The employment picture
Total U.S. employment has grown about 2.5 percent since fall 2022. Employment in AI-exposed sectors has not kept pace. The computer systems design sector — one of the most AI-exposed in the economy — has shed 5 percent of its workforce. Across the top 10 percent of AI-exposed industries broadly, employment is down 1 percent over the same period.
That decline is landing hardest on young workers. Research from Stanford University's Erik Brynjolfsson and colleagues finds the employment drop in AI-exposed sectors is concentrated among workers under 25. Employment totals for older workers have not declined. According to Dallas Fed economist Tyler Atkinson, the issue isn't layoffs — it's that young workers aren't finding jobs in the first place. The entry-level market in AI-exposed fields is getting much harder to break into, a trend that tracks with AI accounting for 25 percent of U.S. layoffs in March according to Challenger, Gray & Christmas.
The wage picture
Here's where it gets unusual. Despite the employment decline, wages in AI-exposed sectors are rising faster than the national average. Nominal average weekly wages across the economy grew 7.5 percent since fall 2022. In computer systems design, they grew 16.7 percent. Across the top 10 percent of AI-exposed industries, wage growth was 8.5 percent.
Davis found no meaningful relationship between AI exposure and wage growth across 205 occupations — until he added one variable: the experience premium.

The codified vs. tacit knowledge divide
Davis draws on a distinction between codified knowledge — the kind you learn from textbooks — and tacit knowledge, the kind you accumulate through years of practice. His hypothesis: AI can replicate codified knowledge but not tacit knowledge. That means AI substitutes for workers whose primary value is book learning, and complements workers whose value comes from hard-won experience.
Using Bureau of Labor Statistics wage data that separates entry-level and experienced worker pay, Davis calculated an experience premium for each of the 205 occupations. He then tested how AI exposure affected wages differently depending on that premium.

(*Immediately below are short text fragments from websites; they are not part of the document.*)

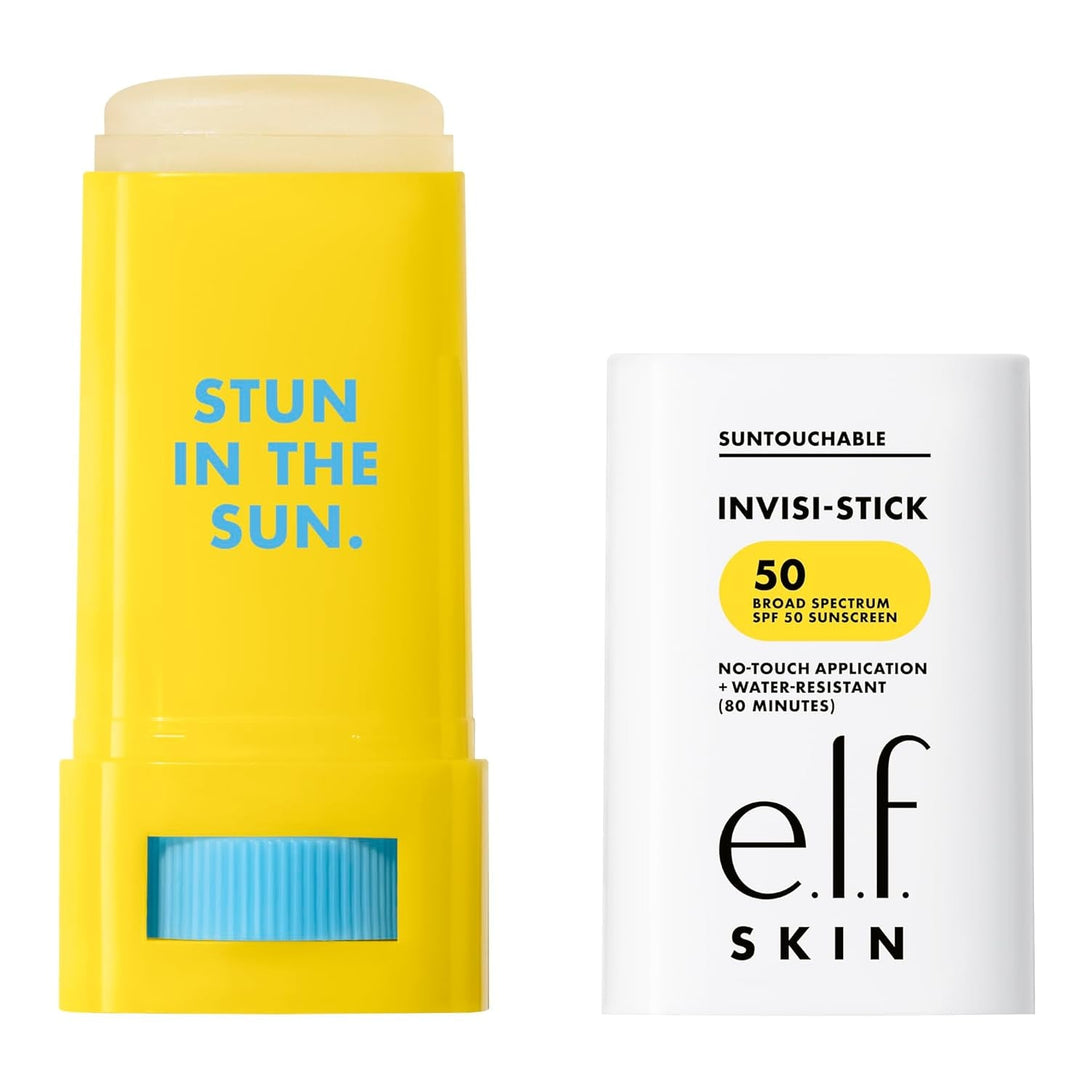 E.L.F. SKIN Suntouchable Invisi-Stick SPF 50, Clear Sunscreen for a Natural Finish, Made with Moisturizing Sunflower Seed Oil, Vegan & Cruelty-Free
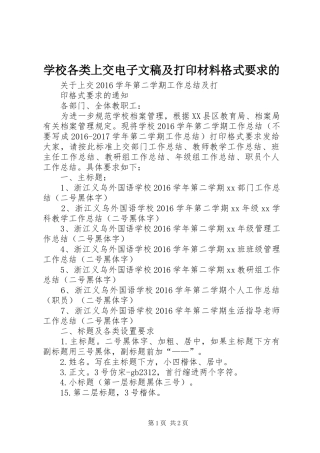 学校各类上交电子文稿及打印材料格式要求的 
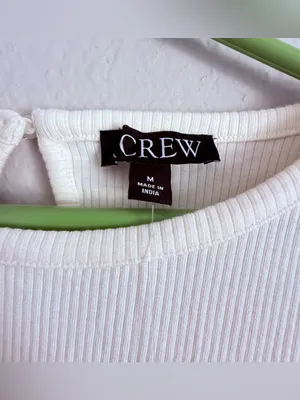 J.Crew Ruffle Trim Eyelet Vintage Ribbed Long Sleeve Top Beige Sz M thumbnail 4
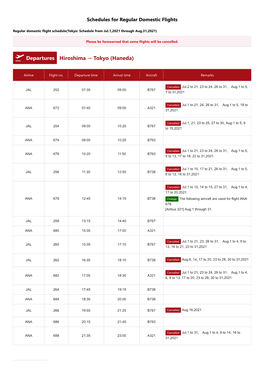 Departures Hiroshima → Tokyo (Haneda)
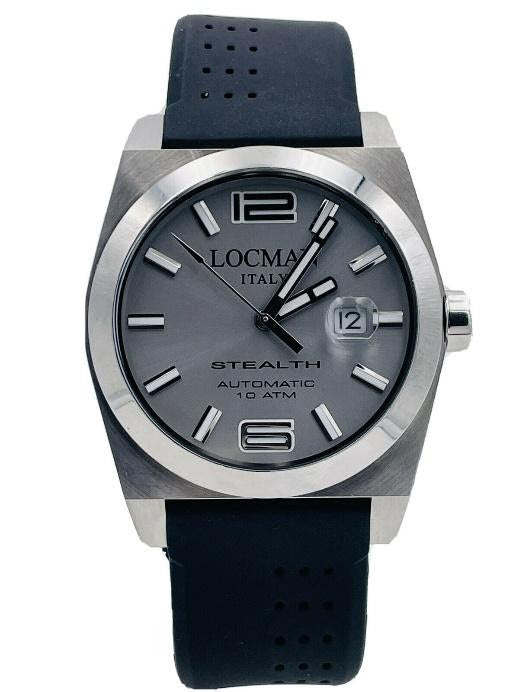 Reloj automático Locman Stealth con bisel plateado y correa azul 205SKG/450 para hombre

The results were clear. For occupations with a low experience premium — jobs where experienced workers don't earn much more than entry-level workers, like fast-food cooks or ticket agents — increased AI exposure was associated with lower wage growth. AI is substituting for everyone in those roles. For occupations with high experience premiums — lawyers, insurance underwriters, credit analysts, marketing specialists — increased AI exposure was associated with higher wage growth. AI is doing the entry-level work while making expert-level judgment more valuable.
What this means for newsrooms and media teams
The implications run directly through white-collar knowledge work, including journalism and media. The traditional career path — take an entry-level job, do the codifiable tasks, slowly build tacit knowledge — is precisely what Davis says firms are finding cost-ineffective to maintain. That dynamic is already visible in the 2026 journalism layoff wave, which has fallen disproportionately on junior and mid-level roles.
For experienced journalists, editors, and media professionals with deep domain knowledge, the data offer some reassurance. Their tacit knowledge — source relationships, news judgment, contextual understanding — is not easily replicated. For new graduates hoping to learn the craft on the job, the environment is harder. The entry-level work AI can do most easily is often the same work that used to teach people the fundamentals.
Davis doesn't suggest this is permanent. "Leaving new employees off the job ladder is not sustainable in the long run," he writes. AI adoption will require rethinking how entry-level employees develop on the job — but that rethinking hasn't happened yet.